In "groundbreaking discovery," Webb telescope spots record number of stars in distant galaxy
NASA's powerful Webb Telescope has spotted more than 40 ancient stars in a distant galaxy, researchers said in a new study.
The study, published Monday in Nature, said the researchers used a technique called gravitational lensing to identify the stars. The phenomenon occurs when light bends around a large celestial body, making objects in space seem closer than they appear.
Because of this, the scientists behind the study were able to get a look at 44 stars in the "Dragon Arc," a part of the Abell 370 galaxy cluster. The arc is about 6.5 billion light-years away from Earth. Without gravitational lensing, trying to identify individual stars so far away would be like trying to look at dust on the moon, the Harvard-Smithsonian Center for Astrophysics said in a statement.

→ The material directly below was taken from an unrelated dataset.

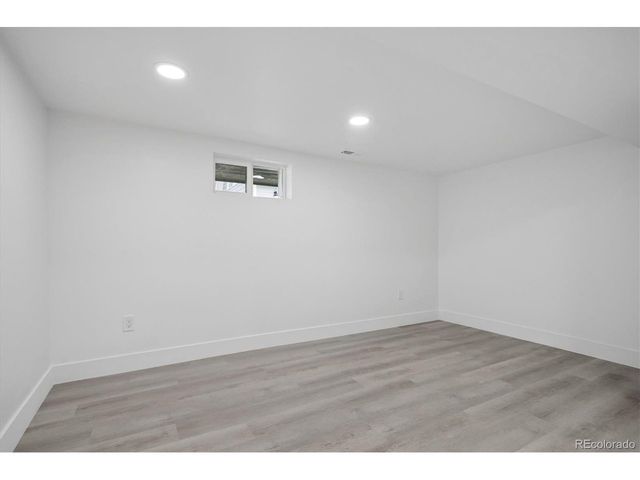 7198 W 29th Ave, Wheat Ridge, CO 80033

Even with gravitational lensing acting as a magnifying glass, researchers can usually only spot one or a few stars at a time. Light bent around the galaxy cluster, the Center for Astrophysics said, and turned the Dragon Arc, which is normally spiral-shaped, into a "hall of mirrors of cosmic proportions." That allowed researchers to see dozens of stars at once.
"This groundbreaking discovery demonstrates, for the first time, that studying large numbers of individual stars in a distant galaxy is possible," study co-author Fengwu Sun said in the statement from the Center for Astrophysics. "While previous studies with the Hubble Space Telescope found around seven stars, we now have the capability to resolve stars that were previously outside of our capability."
The stars themselves are also impressive. Many are red supergiants, like the star Betelgeuse in Earth's galaxy. The galaxy they were found in was formed when the universe was about half its current age, the study said. Further observations of the galaxy might allow for studies of these types of stars, the researchers noted, which would allow scientists to learn more about the stars themselves and the way the universe was formed.
"Importantly, observing more individual stars will also help us better understand dark matter in the lensing plane of these galaxies and stars, which we couldn't do with only the handful of individual stars observed previously," Sun said.